Good job you weren't watching in 1904/5 eh? ;)
In the 1904-05 season Manchester City needed to beat Aston Villa on the final day of the season to win the First Division championship. Villa won the game 3-1 and City finished third, two points behind Newcastle United.
After the game Alec Leake, the captain of Aston Villa, claimed that Billy Meredith had offered him £10 to throw the game. Meredith was found guilty of this offence by the Football Association and was fined and suspended from playing football for a year.

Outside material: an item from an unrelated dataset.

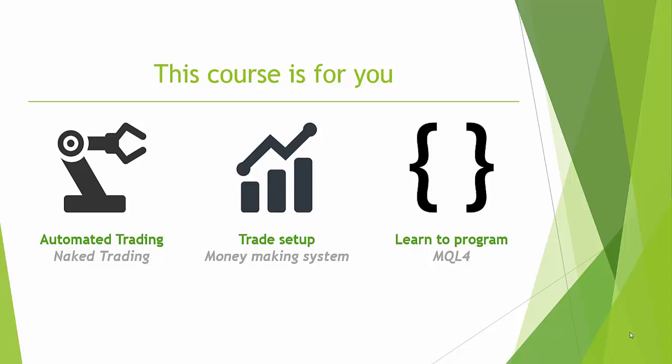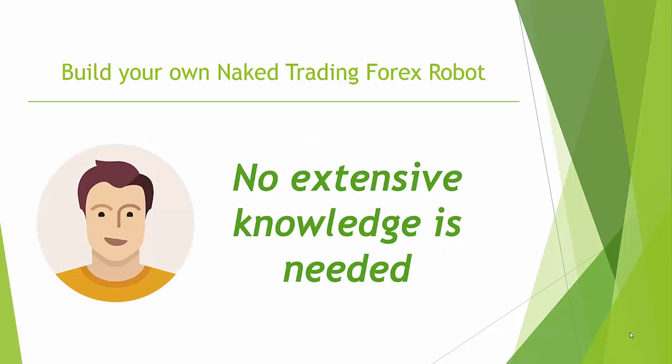So in this course I will teach you automated trading based on a naked trading philosophy. We will make use of a trading setup which is a trading system. And a trading system is a set of rules at which we base if we are going to enter a trade, what type of trade, etc. And that in the end will yield profit. I will do this in the programming language of the MetaTrader which is MQL4.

Manchester City refused to provide financial help for Meredith and so he decided to go public about what really was going on at the club: "What was the secret of the success of the Manchester City team? In my opinion, the fact that the club put aside the rule that no player should receive more than four pounds a week... The team delivered the goods, the club paid for the goods delivered and both sides were satisfied." This statement created a sensation as the FA had imposed a £4 a week maximum wage on all clubs in 1901.
The Football Association now carried out an investigation into the financial activities of Manchester City. They discovered that City had been making additional payments to all their players. Tom Maley, the manager, was suspended from football for life and City was fined £250. Seventeen players were fined and suspended until January 1907. City was also forced to sell their players and at an auction at the Queen's Hotel in Manchester.
The Manchester United manager, Ernest Mangnal signed the outstandingly gifted, Billy Meredith for only £500. Mangnal also purchased three other talented members of the City side, Herbert Burgess, Sandy Turnbull and Jimmy Bannister.
This became the core of the side that won the Football League championship in the 1907-08 season.